Pedro kann über diese Summen nur kläffen - der Kurzhaar-Mini-Chihuahua führt ein ganz anderes Hundeleben. Frauchen muss sich in der Hunde-Luxusboutique "Koko von Knebel" zwischen zwei Pullovern aus Angorawolle entscheiden. Der hellblaue passe ihm besser, der rote betone sein schwarzes Köpfchen mehr. 94 Euro kostet der modische Kälteschutz. "Er hat teurere Pullover als ich", sagt Bianca Schmitt und lacht. Pedros "Mama" spart nicht an ihrem Liebling. Eine goldfarbene Tragetasche hat er schon, jetzt soll er nicht nur einen Pullover, sondern auch ein goldiges Körbchen fürs Auto bekommen, mit Kuscheldecke. 139 Euro kostet der kleine Reisekorb. Nicht gerade ein Schnäppchen, aber Pedro soll für seine erste große Reise ins Erzgebirge gut gerüstet sein. "Wer sich ein Tier anschafft, muss auch in es investieren", sagt Schmitt.

Herrchen und Frauchen wie sie lassen die Branche boomen - trotz Wirtschaftskrise. 2,59 Milliarden Euro gaben Haustierbesitzer nach Angaben des Industrieverbandes Heimtierbedarf 2008 für Tiernahrung aus; eine Steigerung um 4,6 Prozent im Vergleich zum Vorjahr. Weitere 906 Millionen Euro wurden für Zubehör wie Hundeleinen, Kratzbäume und Spielzeug ausgegeben.

Den Tierheimen geht dagegen das Geld aus.

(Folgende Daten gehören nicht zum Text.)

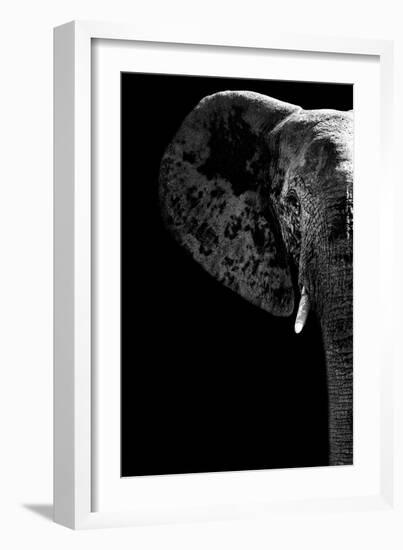 Safari Profile Collection - Elephant Black Edition III-Philippe Hugonnard-Framed Photographic Print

Einigen droht sogar die Insolvenz. So dramatisch ist die Lage im Tierheim Süderstraße noch nicht, doch auch dort fehlen im Vergleich zu 2007 mehr als 130 000 Euro, die an Spenden und Mitgliedsbeiträgen weggefallen sind. "Bei den Tierbestandszahlen können wir durch eine verbesserte Vermittlung gegensteuern", sagt Gabriele Waniorek-Goerke vom Vorstand. "Unser Hauptproblem ist der drastische Rückgang der Einnahmen." Dies könnte dramatische Folgen haben, warnt der Tierschutzbund: Brechen die Spenden weiter ein, müssten Tierheime geschlossen werden.